2. The capacitive touch panel as in claim 1, wherein the touch
signal sensing device is disposed at an end of each of the
electrode lines.
3. The capacitive touch panel as in claim 1, wherein the parallel
electrode lines extend parallel in a longitudinal or a transverse
direction.
4. The capacitive touch panel as in claim 1, wherein the at least
two touch electrodes connected in series by the same electrode line
have areas sequentially increased or decreased.
5. The capacitive touch panel as in claim 4, wherein along a same
direction, the touch electrodes have areas varying in a same
tendency between two adjacent electrode lines.
6. The capacitive touch panel as in claim 5, wherein the touch
signal sensing device is connected to an end of the electrode line
closer to the touch electrode that has a relative larger area.
7. The capacitive touch panel as in claim 4, wherein along a same
direction, the touch electrodes have areas varying in a reverse
tendency between two adjacent electrode lines.
8. The capacitive touch panel as in claim 1, wherein each electrode
line and the at least two touch electrode connected in series by
the electrode line are of an integral structure.
9. The capacitive touch panel as in claim 1, wherein the common
electrode and the touch electrodes are provided on the first
substrate and the second substrate, respectively, and a cavity is
formed between the first substrate and the second substrate.
10. The capacitive touch panel as in claim 1, wherein the common
electrode and the touch electrodes both are provided on the first
substrate or the second substrate, and an insulating layer is
formed between the first substrate and the second substrate.
11. The capacitive touch panel as in claim 1, wherein the common
electrode, the electrode line and the touch electrode are formed of
a transparent conductive material.
12. The capacitive touch panel as in claim 11, wherein the
transparent conductive material comprises nano indium tin
oxide.
13. The capacitive touch panel as in claim 1, wherein the touch
electrode has a shape of rhombus, rectangular, circular,
elliptical, or triangle.
14. A display device comprising: the capacitive touch panel
according to claim 1; and a display panel, wherein the capacitive
touch panel are provided on the display panel.
15. The display panel according to claim 14, wherein the display
panel comprises liquid crystal display (LCD) panel, organic
light-emitting display (OLED) panel, light-emitting display panel,
or plasma display panel.
16. The display panel according to claim 14, wherein the capacitive
touch panel is attached to the display panel or integratedly formed
with the display panel.
Description
BACKGROUND
[0001] Embodiments of the disclosed technology relate to a
capacitive touch panel.
[0002] Capacitive touch panels are a relatively popular type of
existing touch panels.

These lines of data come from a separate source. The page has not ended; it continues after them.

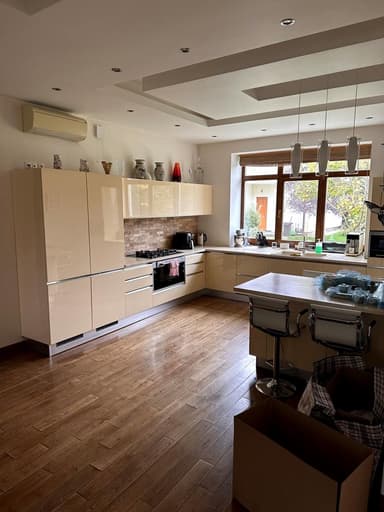 Дом по адресу (площадь 210 м²) - imageAlt 59 Дом по адресу (площадь 210 м²) - Atlanta.ua - imageAlt 59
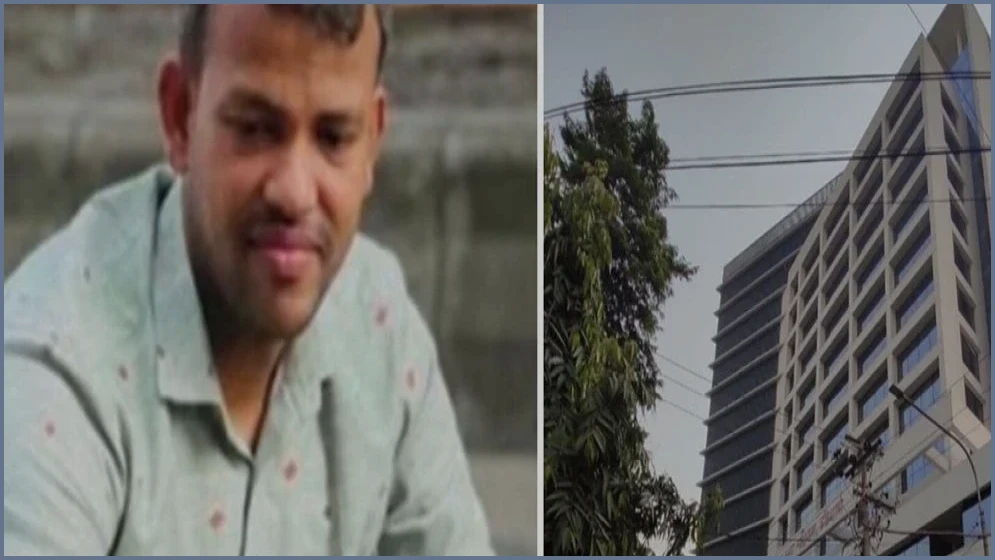 চট্টগ্রামে ব্যাংকের ভল্ট থেকে ৪ কোটি টাকা সরিয়ে খামারে বিনিয়োগ, গ্রেফতার ২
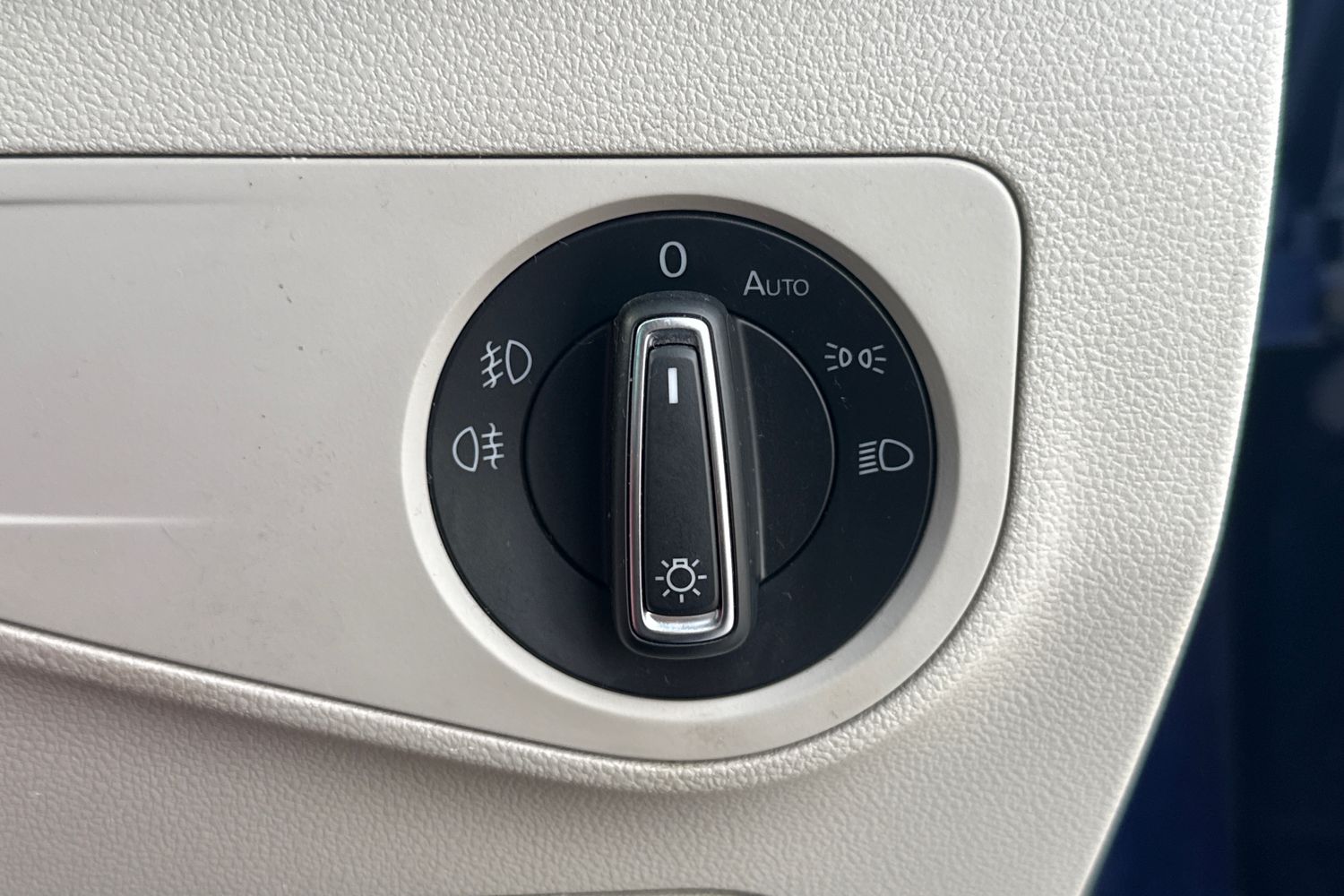 Used Volkswagen Tiguan 2019 for sale - 77249604: Photo 17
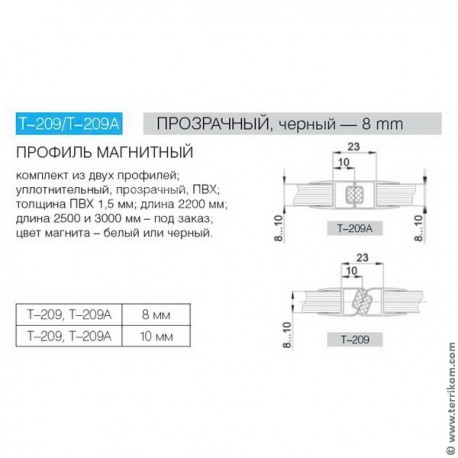 Площадка монтажная дымохода-сэндвича МП (нерж. 430/1,5 мм)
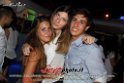 163Lido_Mirablu_Party_Famous_LovePhoto01072013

A capacitive touch panel works as
follows.
[0003] Row electrodes and column electrodes are disposed in the
capacitive touch panel, as shown in FIG. 1 and FIG. 2. The row
electrodes and the column electrodes are insulated from each other,
and they each faint a capacitor together with a common electrode.
As a human body is conductive, touching a surface of the capacitive
touch panel with a finger results in a coupling capacitance formed
between the finger and row and column electrodes of the touch
panel. Due to the change of capacitance at the touching point,
currents are respectively induced in the row and column electrodes,
flowing towards the touching point. The induced current each has
intensity inversely proportional to a distance between the finger
and a boundary of the touch panel. Positions of the touching point
can be accurately determined by measuring of the induced currents
with sensors disposed at both ends of the row and column
electrodes.
[0004] In practicing the above capacitive touch panel, the
inventors has found that there are at least following problems.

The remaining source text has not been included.